*This post is part of ACSblog’s 2015 Constitution Day Symposium.
Does the U.S. Constitution permit universities to consider race as part of their admissions process? To date, the U.S. Supreme Court has answered yes—subject to specific conditions and requirements. But race-conscious university admissions policies continue to be one of the most charged issues in modern constitutional jurisprudence. And the Court will again visit this debate in its October 2015 term, when it reconsiders Fisher v. Texas.
At first glance, the constitutionality of race-conscious policies may appear to be contingent on one’s theory of interpretation. Living constitution theory―the idea of the Constitution as a dynamic, evolving document interpreted in light of changing social and political circumstances―is typically associated with social change and liberal political interests. The Supreme Court’s unanimous opinion in Brown v. Board of Education (1954), authored by Chief Justice Earl Warren, was grounded in living constitutionalism—striking down racial segregation in public schools because of the growing importance of education for citizenship and social adjustment, and because of new evidence of the harms of segregation to Black children. The Warren Court is known today for its expansion of civil rights and liberties through dynamic constitutional interpretation.
However, a living constitution might also proscribe race-conscious university admissions. If the Constitution is dynamic and evolving, then it can also evolve to require race-neutrality—even after a period where race-conscious policies were constitutionally valid. Such an outcome is not implausible on the current Supreme Court. Recently, Justice Anthony Kennedy, who is the swing vote on this Court, seemed to embrace the notion of a living constitution when addressing the right of marriage for same-sex couples. His majority opinion in Obergefell v. Hodges (2015) stated:
“The generations that wrote and ratified the Bill of Rights and the Fourteenth Amendment . . . entrusted to future generations a charter protecting the right of all persons to enjoy liberty as we learn its meaning. When new insight reveals discord between the Constitution’s central protections and a received legal stricture, a claim to liberty must be addressed.”
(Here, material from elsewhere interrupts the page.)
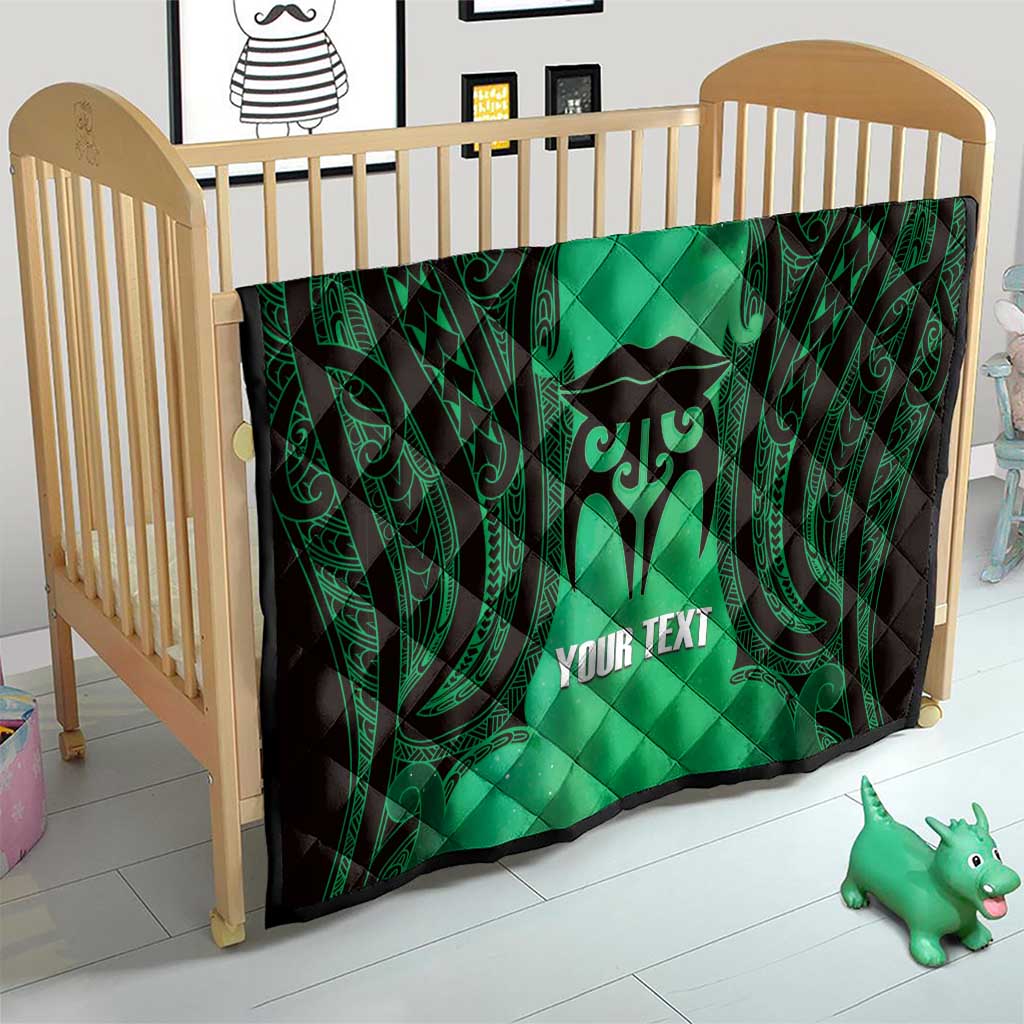 Personalised Moko Kauae New Zealand Quilt Maori Chin Tattoo Green - Polynesian Pride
But such “new insight” could also “reveal” that diversity is no longer a compelling state interest or that it cannot be pursued by race-conscious means. And while he has repeatedly affirmed the diversity rationale—in his majority opinion in Fisher v. Texas (2013), his dissent in Grutter v. Bollinger (2003), and his concurrence in Parents Involved in Community Schools v. Seattle School District No. 1 (2007)—Justice Kennedy has never actually approved of a race-conscious admissions policy. He is apt to strike down such policies on narrow tailoring grounds and may eventually find that the Constitution requires their proscription. In this vein, living constitution theory does not ensure the doctrinal viability of race-conscious university admissions.